Armed with all this detail, Whyte and Mackay's master distiller, Richard Paterson, was able to delve into the wealth of warehoused casks and, with the help of his prodigious nose, blend a number of whiskies in exact proportions to replicate the Shackleton spirit. The re-creation, which is given a stint in sherry casks before bottling, includes some of the remaining whisky from the Glen Mhor distillery, which was demolished in 1986, supplemented with comparable liquor from nearby Dalmore. Benriach, Glenfarclas, and other Speyside whiskies lend their character, along with Balblair, Pulteney, and Jura.

The resulting blend was subjected to the same battery of chemical analysis as the original, and found to stack up quite comparably, their phenolics and esters finely matched.

Finally, minus the milliliters of whisky that had been carefully syringed out through their corks, the original bottles were returned from Scotland to the Shackleton expedition's hut, where they have been re-situated as part of the preserved environ by the Antarctic Heritage Trust.

For the complete details of the analysis of the Mackinlay whisky, a copy of the paper published by Dr. Pryde et al in the Journal of the Institute of Brewing is available here.
 
I didn't see it in my brief read of the article, but scotch does not age in the bottle. So as long as whatever vintage you have has been properly stored, it will still be fresh...that said...a 25 year old scotch from 1901 is still just a 25 year old scotch.  Regardless, I'm a sucker for vintage spirits...
 
A bit more background to Thucydides post.
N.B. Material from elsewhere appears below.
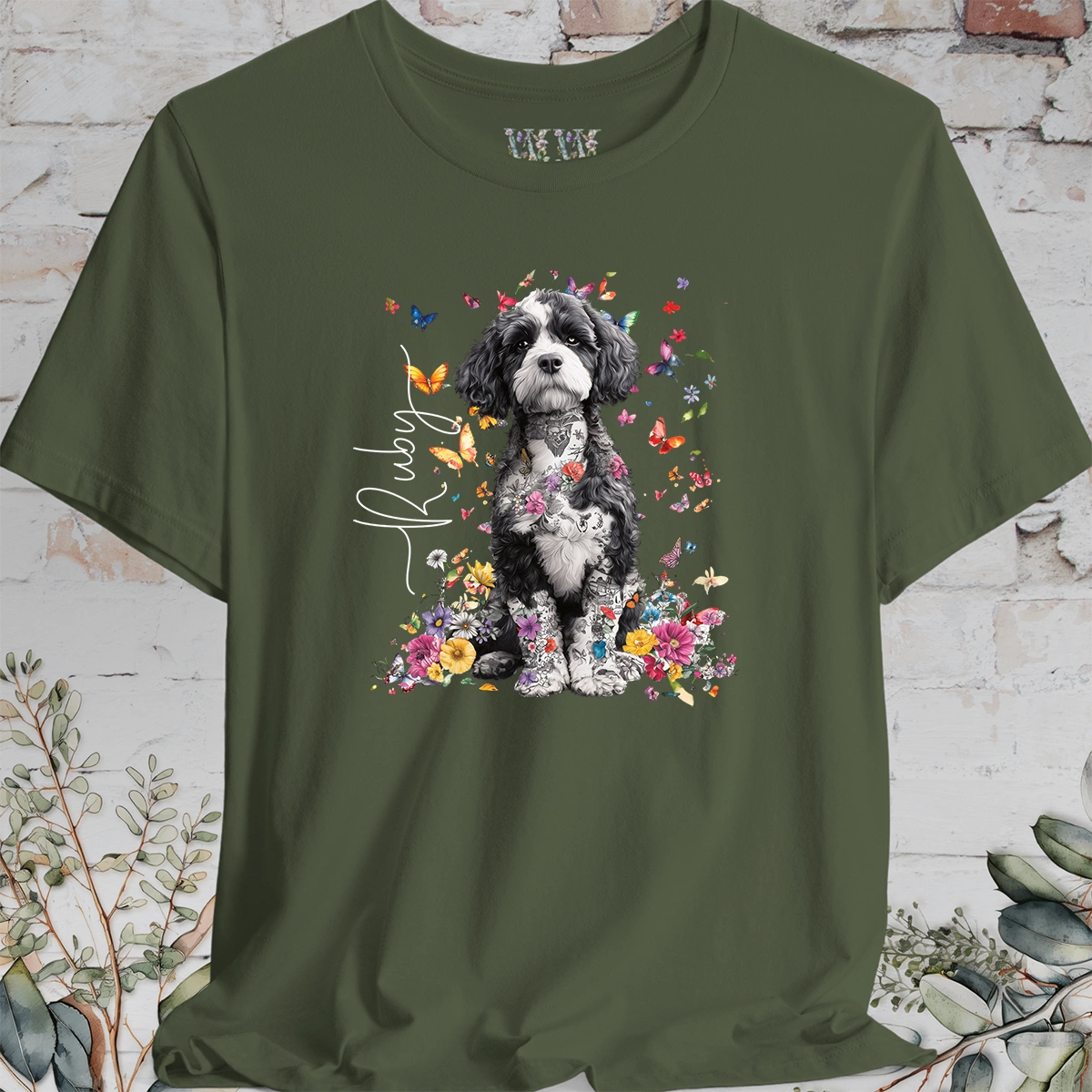 Cavapoo/Cavoodle/Cockapoo #5 Personalised Floral Butterfly T shirt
This story was also a National Geographic Channel production on TV last year.

Video clips:

http://video.nationalgeographic.com/video/player/national-geographic-channel/specials-1/expedition-week-1/ngc-shackletons-whiskey-recipe.html

http://video.nationalgeographic.com/video/player/national-geographic-channel/specials-1/expedition-week-1/ngc-shackletons-whiskey-recipe.html


Ernest Shackleton’s 100-year-old whisky


By Rebecca Priestley - NZ Listener - Published on October 29, 2011 | Issue 3729

http://www.listener.co.nz/current-affairs/science/ernest-shackletons-100-year-old-whisky/

Scientists have helped replicate the Mackinlay's whisky found in Shackleton’s Antarctic hut.

When Ernest Shackleton was ordering provisions for his 1907 expedition to Antarctica, he made it clear that along with the requisite tins of herrings, mulligatawny soup, gooseberry jam and marmalade, he and his men required a supply of whisky. Not just any whisky, but a fine Highland malt. Twenty-five cases of it.

When Shackleton left Antarctica in 1909, after reaching 88° 23′ south – the closest anyone had been to the South Pole – he left some of that whisky behind. Now, thanks to an international team of conservators and chemists, we know what the whisky looked like and how it was made. And whisky-lovers willing to pay £100 (NZ$200) for a bottle of the replica whisky that went on sale last month will know just what it tasted like.

Shackleton’s whisky had been forgotten until 2006, when conservators from the Antarctic Heritage Trust (AHT) discovered the corners of five frozen crates beneath Shackleton’s hut at Cape Royds. After three seasons during which conservators painstakingly chipped away at a century of ice accumulation in the crawl space beneath the hut, three of the crates labelled “Mackinlay’s Rare Old Highland Whisky” were removed last year. One crate was flown to Canterbury Museum to be thawed and examined. According to AHT conservator Lizzie Meek, it looked more like a 40kg block of ice than a crate of whisky.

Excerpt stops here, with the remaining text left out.